Glossary
This toolkit is intended to be accessible to users from a wide range of backgrounds. We have avoided technical language, however, the following glossary may be of use.
- Access Controls: Security measures applied by a data holder or provider to any data user with which it proposes to share its data. These include placing terms and conditions on the use or reuse of the data, or allowing the data user access to the data only under some specified data environment.
- Anonymisation: Techniques for lowering the risk of identification of data subjects from data, typically by removing or aggregating data that would (help) identify data subjects, combined with other measures, such as adding noise.

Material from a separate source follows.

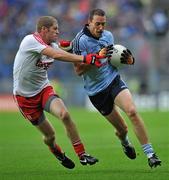 6 August 2011; Barry Cahill, Dublin, in action against Kevin Hughes, Tyrone. GAA Football All-Ireland Senior Championship Quarter-Final, Dublin v Tyrone, Croke Park, Dublin. Picture credit: David Maher / SPORTSFILE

- Confidential Data: A term from common law, to refer to data or personal information which is shared in confidence with another party, such as a lawyer, accountant or doctor, in order to allow the second party to act in their client’s interest. Such information should not be shared with any third party except with the clear consent of the client; this, if it happens, is called a breach of confidence. Confidentiality agreements are often implicit, when confidentiality is a reasonable expectation of the client.
- Data Controller: A legal term from the GDPR, to refer to a person, company, or other body that determines the purpose and means of personal data processing (this can be determined alone, or jointly with another person/company/body). The Data Controller is responsible for what happens with the data, and held accountable for any breaches of data protection.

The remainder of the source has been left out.